资源环境科技发展态势分析平台

Enhancement and conservation of biodiversity in recovering communities is one of the primary goals of forest ecology and restoration. To achieve a better understanding of the mechanisms underlying community assembly during restoration, we examined changes in taxonomic and phylogenetic dissimilarity in four types of subtropical forests, consisting of a Eucalyptus plantation (EE), an Acacia mangium plantation (AM), a mixed native species plantation (NS), and a mixed coniferous plantation (MC), over 30 years of restoration (1985-2015). Temporal variation in taxonomic and phylogenetic dissimilarity patterns were found to differ among the four plantation types, although their taxonomic diversity (species richness) and phylogenetic diversity (PD) increased monotonically as succession proceeded. Community dissimilarity decreased nonlinearly over the 30 years, and species composition within each plantation tended to stabilize at around 20 years. Overall, the phylogenetic structure of each plantation was random during the succession period. Taxonomic and phylogenetic rates did not vary markedly along the 30 years of restoration, but the taxonomic turnover rate of MC increased significantly while the phylogenetic turnover rate of NC augmented remarkably.
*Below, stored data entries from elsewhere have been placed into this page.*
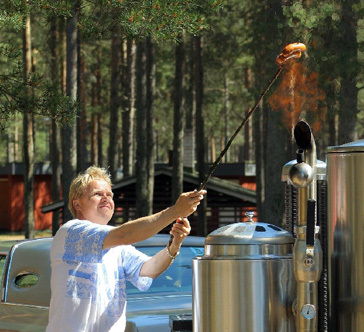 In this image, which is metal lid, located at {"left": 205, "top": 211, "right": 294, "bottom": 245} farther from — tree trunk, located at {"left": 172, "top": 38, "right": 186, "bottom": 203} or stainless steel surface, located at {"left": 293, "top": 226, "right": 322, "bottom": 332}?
tree trunk, located at {"left": 172, "top": 38, "right": 186, "bottom": 203}

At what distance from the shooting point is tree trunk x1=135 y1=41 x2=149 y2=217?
29.4m

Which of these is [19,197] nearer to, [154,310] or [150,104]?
[150,104]

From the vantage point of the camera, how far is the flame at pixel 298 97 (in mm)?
22938

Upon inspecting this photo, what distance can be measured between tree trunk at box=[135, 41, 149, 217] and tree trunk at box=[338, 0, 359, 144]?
6.79 m

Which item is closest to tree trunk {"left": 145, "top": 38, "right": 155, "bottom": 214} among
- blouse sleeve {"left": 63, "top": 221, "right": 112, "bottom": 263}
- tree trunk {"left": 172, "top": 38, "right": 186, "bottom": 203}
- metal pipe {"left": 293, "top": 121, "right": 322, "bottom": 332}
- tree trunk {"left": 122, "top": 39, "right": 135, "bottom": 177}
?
tree trunk {"left": 172, "top": 38, "right": 186, "bottom": 203}

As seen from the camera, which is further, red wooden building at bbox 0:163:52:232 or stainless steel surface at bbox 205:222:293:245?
red wooden building at bbox 0:163:52:232

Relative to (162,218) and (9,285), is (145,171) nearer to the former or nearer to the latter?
(9,285)

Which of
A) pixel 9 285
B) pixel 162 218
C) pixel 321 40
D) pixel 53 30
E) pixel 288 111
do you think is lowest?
pixel 9 285

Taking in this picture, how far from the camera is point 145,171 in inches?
1169

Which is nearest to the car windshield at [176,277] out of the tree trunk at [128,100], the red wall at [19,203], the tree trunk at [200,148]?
the tree trunk at [200,148]

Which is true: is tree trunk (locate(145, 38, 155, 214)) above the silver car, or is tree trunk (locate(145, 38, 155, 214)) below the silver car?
above


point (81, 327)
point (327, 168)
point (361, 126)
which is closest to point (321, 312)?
point (327, 168)

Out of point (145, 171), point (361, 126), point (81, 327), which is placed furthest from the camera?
point (361, 126)

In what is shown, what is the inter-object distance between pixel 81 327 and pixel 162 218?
736mm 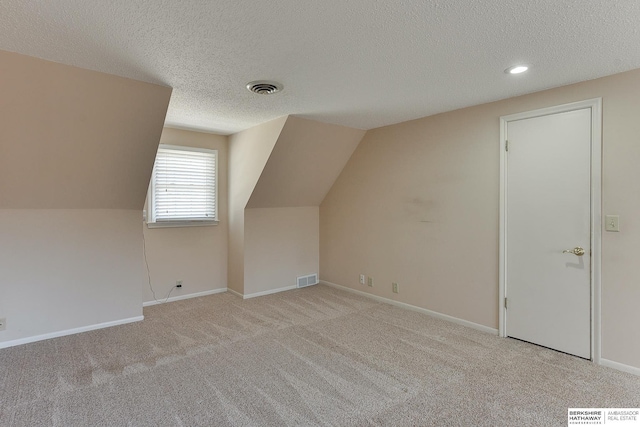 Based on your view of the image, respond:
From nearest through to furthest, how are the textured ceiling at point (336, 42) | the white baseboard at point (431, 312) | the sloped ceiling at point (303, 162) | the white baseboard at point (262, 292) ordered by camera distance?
the textured ceiling at point (336, 42)
the white baseboard at point (431, 312)
the sloped ceiling at point (303, 162)
the white baseboard at point (262, 292)

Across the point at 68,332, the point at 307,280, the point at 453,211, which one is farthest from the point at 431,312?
the point at 68,332

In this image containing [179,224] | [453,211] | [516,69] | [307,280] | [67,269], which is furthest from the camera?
[307,280]

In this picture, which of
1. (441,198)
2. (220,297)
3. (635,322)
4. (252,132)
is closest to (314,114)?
(252,132)

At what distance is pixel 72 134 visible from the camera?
9.21 feet

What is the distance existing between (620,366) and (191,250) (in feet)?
15.4

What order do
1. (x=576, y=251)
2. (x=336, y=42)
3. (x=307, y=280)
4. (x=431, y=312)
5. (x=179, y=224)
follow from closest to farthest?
(x=336, y=42)
(x=576, y=251)
(x=431, y=312)
(x=179, y=224)
(x=307, y=280)

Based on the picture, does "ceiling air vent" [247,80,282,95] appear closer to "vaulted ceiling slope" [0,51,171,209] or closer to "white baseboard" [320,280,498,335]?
"vaulted ceiling slope" [0,51,171,209]

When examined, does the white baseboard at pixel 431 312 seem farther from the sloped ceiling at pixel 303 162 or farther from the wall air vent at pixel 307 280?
the sloped ceiling at pixel 303 162

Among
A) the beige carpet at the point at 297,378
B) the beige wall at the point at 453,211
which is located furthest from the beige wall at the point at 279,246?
the beige carpet at the point at 297,378

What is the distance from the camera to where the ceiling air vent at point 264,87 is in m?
2.71

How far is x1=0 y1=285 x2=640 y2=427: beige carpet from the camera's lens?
6.66 ft

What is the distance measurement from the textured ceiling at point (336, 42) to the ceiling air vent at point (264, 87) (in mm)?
76

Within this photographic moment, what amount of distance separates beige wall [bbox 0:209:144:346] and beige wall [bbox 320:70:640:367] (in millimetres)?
A: 2799

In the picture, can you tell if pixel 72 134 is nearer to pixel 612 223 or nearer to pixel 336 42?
pixel 336 42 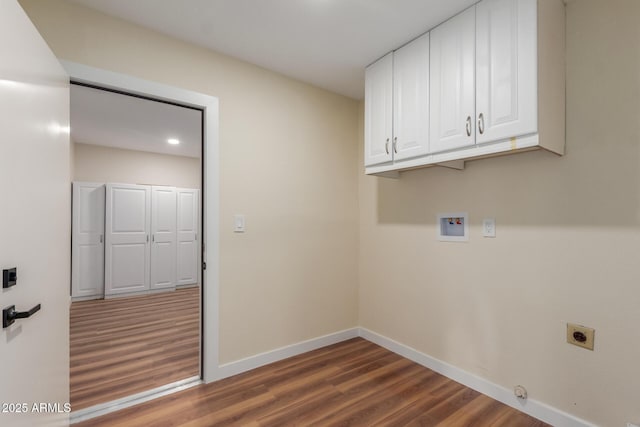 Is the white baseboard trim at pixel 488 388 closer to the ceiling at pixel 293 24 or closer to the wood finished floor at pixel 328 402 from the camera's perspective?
the wood finished floor at pixel 328 402

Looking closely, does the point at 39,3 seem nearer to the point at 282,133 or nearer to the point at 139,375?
the point at 282,133

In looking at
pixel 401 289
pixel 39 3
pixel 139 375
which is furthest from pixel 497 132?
pixel 139 375

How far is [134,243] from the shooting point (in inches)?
203

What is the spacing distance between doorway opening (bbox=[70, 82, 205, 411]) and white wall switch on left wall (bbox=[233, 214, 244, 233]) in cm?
26

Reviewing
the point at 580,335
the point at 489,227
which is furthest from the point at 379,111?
the point at 580,335

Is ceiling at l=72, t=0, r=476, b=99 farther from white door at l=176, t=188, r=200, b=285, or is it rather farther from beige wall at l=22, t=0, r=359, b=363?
white door at l=176, t=188, r=200, b=285

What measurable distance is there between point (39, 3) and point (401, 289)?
3.13 m

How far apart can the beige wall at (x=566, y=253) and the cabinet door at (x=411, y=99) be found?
44cm

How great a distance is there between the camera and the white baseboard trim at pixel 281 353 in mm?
2358

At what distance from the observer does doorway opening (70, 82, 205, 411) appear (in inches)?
106

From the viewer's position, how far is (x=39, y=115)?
134 centimetres

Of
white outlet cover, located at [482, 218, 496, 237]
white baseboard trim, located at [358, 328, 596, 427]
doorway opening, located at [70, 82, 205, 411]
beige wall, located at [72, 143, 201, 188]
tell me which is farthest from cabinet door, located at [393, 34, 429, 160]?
beige wall, located at [72, 143, 201, 188]

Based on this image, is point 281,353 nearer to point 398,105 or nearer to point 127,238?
point 398,105

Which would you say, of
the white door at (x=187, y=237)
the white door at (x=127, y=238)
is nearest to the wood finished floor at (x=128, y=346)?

These results indicated that deterministic processes played a more important role in determining the temporal dynamics of community composition while stochastic processes were more important for phylogenetic structure. Our findings further inform the development and design of appropriate restoration strategies, and provide insights into understanding the mechanisms regulating community assembly during the process of forest restoration.